Monday, January 14, 2008

Bo

This week’s Torah Portion, Bo, which means, Come, begins with God telling Moses to go back to Pharaoh to warn him about three more plagues, with which God will strike Egypt: the plague of locusts, of darkness, and the killing of the first born. As God predicted that Pharaoh’s heart has been made stubborn, Pharaoh refuses to allow the people to leave Egypt to perform a sacrifice to God, with disastrous results. God gives Moses instructions about the Pesach offering: how the Israelites must sacrifice, eat, and be ready to leave, and how the eating of Matzos and the celebration of the Pesach miracle must be remembered as an eternal decree. The people do as they are instructed and, as God foretold, Pharaoh sends them out and they begin their journey out of Egypt.

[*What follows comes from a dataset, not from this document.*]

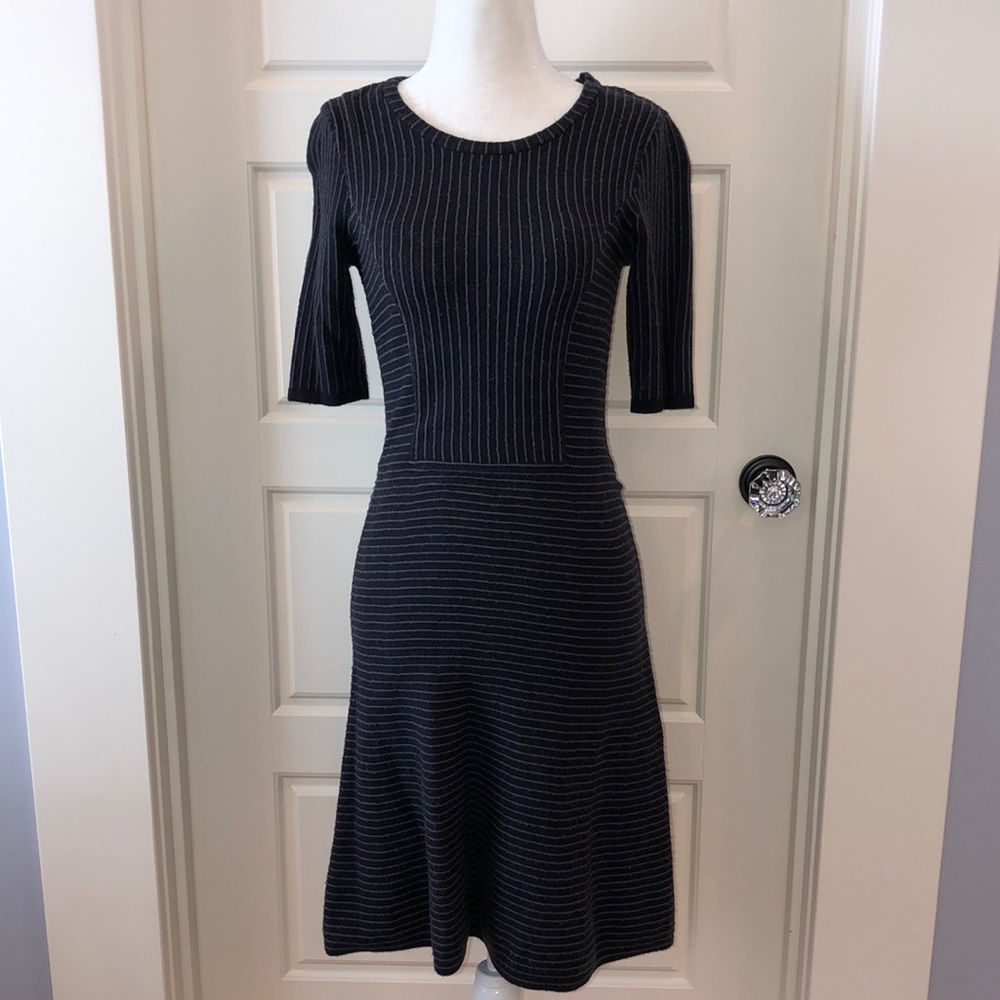 ANDREW MARC NEW YORK Navy Striped Stretchy Dress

This Torah portion is remarkable for its story and its drama, It is a tale with which we are intimately familiar, and yet, in it is contained an amazing guide that is hidden in plain sight. This torah portion is a virtual Primer of the natural laws of the spiritual universe. In this portion, God tells us how the universe works vis a vis humans. It tells us how to behave, what to pay attention to, and how to relate to God.

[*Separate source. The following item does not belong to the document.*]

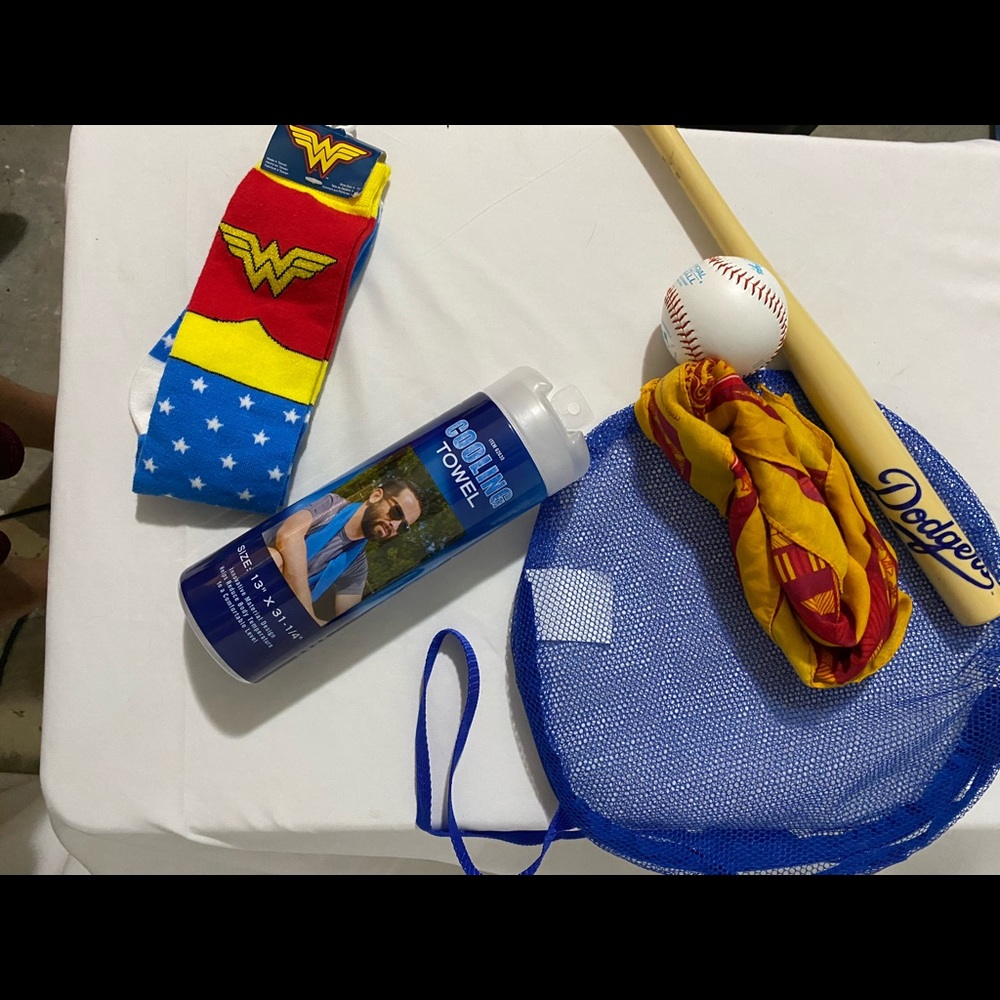 Fun pack. - Picture 2 of 5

The first natural law of the spiritual universe comes from the very beginning of the Portion. God said to Moses, “Come to Pharaoh; for I have made his heart and the heart of his servants stubborn, so that I shall place these signs of Mine in his midst; and so that you may relate in the ears of your children and your children’s children that I have toyed with Egypt, that you may know that I am God.” Spiritual Law # 1 is that God is active in human affairs. Maimonides, in his Guide for the Perplexed, remarks that the way we know God is through acts, or to put it another way, through Nature. That God altered Nature by performing the plagues is a demonstration of this Law. It accounts for large deviations from the expected, as well as the small coincidences that comprise our everyday lives.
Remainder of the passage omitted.